A vast range of raw materials, including laboratory-produced chemicals and natural products, have been used for the synthesis of CDs. This has resulted in a diverse range of components and structures used to prepare CDs, making it difficult to develop a unified theory by comparing the results reported in the literature. The complexity of CDs and the various factors that affect their luminescence processes have also made it challenging to deduce a reasonable PL mechanism. The luminescence of CDs is primarily determined by three characteristics: (1) the material is primarily composed of carbon, (2) carbonization or cross-linking processes are needed, and (3) the kernel luminescence is a carbon-based structure, which is the sp2/sp3 conjugated structure [97,98,99]. At present, the PL mechanism of CDs is mainly summarized in four aspects: (1) the QCE or conjugate π domain determined by the carbon core [100]; (2) the surface state, which is determined by the hybridization of the carbon backbone and the linked chemical groups; and (3) the molecular state, which is determined only by the fluorescent molecules attached to the surface or interior of CDs; and (4) the crosslinked enhanced emission (CEE) effect [101].

Yan et al. synthesized large-scale colloidal graphene QDs with uniform and tunable sizes through a solubilization strategy [102]. The oxidation of polyphenylene dendritic precursors synthesized by stepwise solution chemistry results in fused graphene moieties, which are stabilized through multiple 2’,4’,6′-trialkyl phenyl groups covalently attached to the edges of the graphene moieties. The bandgap of graphene could be further reduced by increasing its size or chemically functionalizing it to tune its redox potential. In some cases, heteroatom doping can have a more significant effect on the wavelength modulation of CDs than particle size. Yang et al. investigated the use of nitrogen-based precursors (DMF, urea, ethanamide, and formamide) in a solvent-free reaction to achieve multicolor (505–650 nm) fluorescence emission. They revealed that the fluorescence properties of CDs were dependent not only on their particle size but also on their degree of graphitization. The content of C-O and C=N functional groups on the surface of CDs played a synergistic role in constructing multicolor fluorescent CDs [103].

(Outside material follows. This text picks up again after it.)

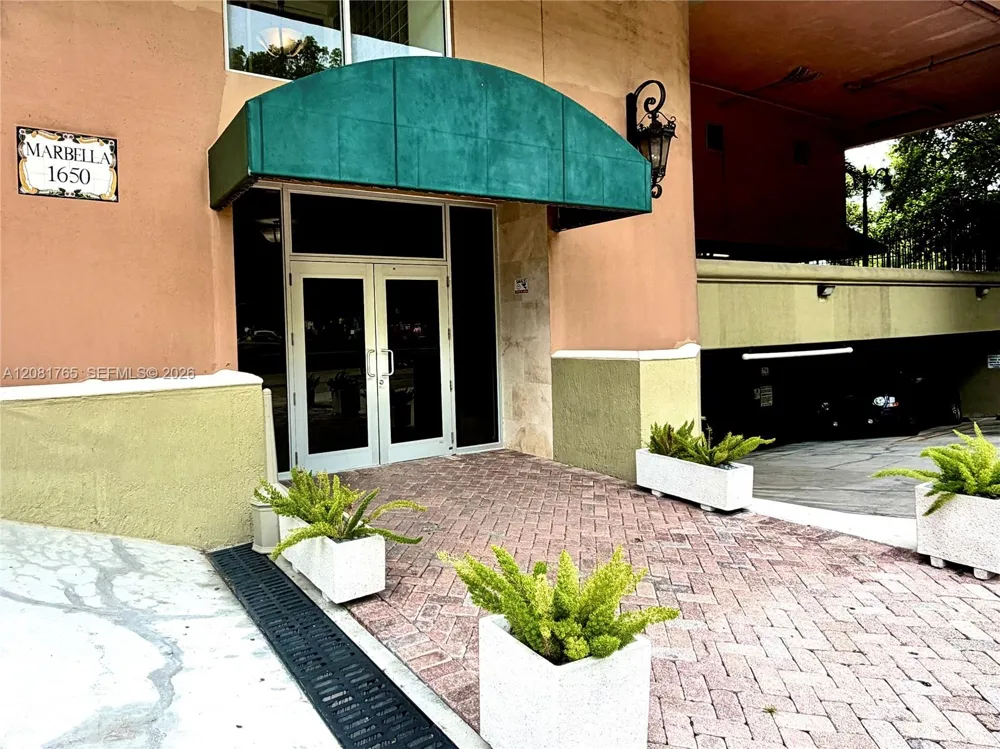 1650 Coral Way #504 Miami, FL 33145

In the absence of group modification, blue-emitting CDs are more easily attainable than longer wavelength-emitting CDs [104,105,106]. However, this does not necessarily imply that the performance of the blue CD-LED is better. The aggregation-induced quenching (ACQ) phenomenon can cause a significant decrease in the fluorescence intensity of CDs in the solid state, leading to a serious change in the spectral characteristics [107]. Ding et al. gradually tuned CDs from blue to red with bright and stable light under the excitation of single-wavelength UV light by silica gel column chromatography [108]. These samples exhibited similar particle size distributions and graphite structures in their carbon nuclei, but their surface states changed gradually. The authors found that the incorporation of oxygen into the surface structure of CDs led to a decrease in the bandgap of these CDs (Figure 6c), resulting in a redshift of the emission peak from 440 to 625 nm.

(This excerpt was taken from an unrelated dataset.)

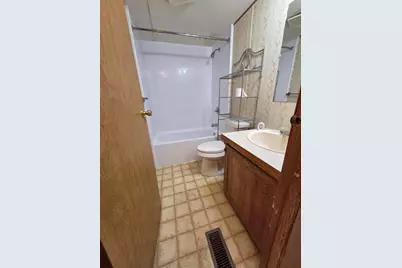 184 Birch Court, Muskegon, MI 49445 - Photo 14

Recently, Cao’s group confirmed two precise fluorophore structures, DAP and AHP, in o-phenylenediamine (O-PD) CDs [109]. They also extracted two green compounds (G-CD, G-CD 1, and G-CD 2) and one blue compound (B-CD). DAP, G-CD, and B-CD were mixed with polyvinylpyrrolidone (PVP) powder and ethanol to produce a white LED with a color rendering coefficient of up to 87 (Figure 6d). In a study conducted by Yang’s group in 2014, branched polyethylene-imine (PEI) was utilized as a model system to synthesize carbon dots (CDs) by crosslinking with carbon tetrachloride [110]. As a result, the PL of the CDs was found to be significantly enhanced, which was attributed to the reduced vibration and rotation of PEI. This study demonstrated the first instance of cross-linked enhanced emission at the nonconjugated polymerization point.

Figure 6.

Figure 6

(a) Electrophoretic profile in 1% agarose gel under 365 nm UV light [90]. Copyright 2004, American Chemical Society. (b) UV–vis absorption and PL spectra of CDs [97]. Copyright 2006, American Chemical Society. (c) Model for the tunable PL of CDs with different degrees of oxidation [108]. Copyright 2006, American Chemical Society. (d) Optical photographs of blue, green, yellow, and white LEDs [109]. Copyright 2022, Elsevier B.V. (e) The device structure of MCBF: CDs-LED [111]. Copyright 2017, Wiley-VCH. (f) EQE values (red solid line) and current efficiency (black solid line) of WLEDs [112]. Copyright 2021, Wiley-VCH. (g) Synthesis route and HAADF-STEM images of triangular CDs [113]. Copyright 2018, Nature Publishing Group. (h) EL emission spectra of the blue CD-LED at different current densities [114]. Copyright 2021, Wiley-VCH.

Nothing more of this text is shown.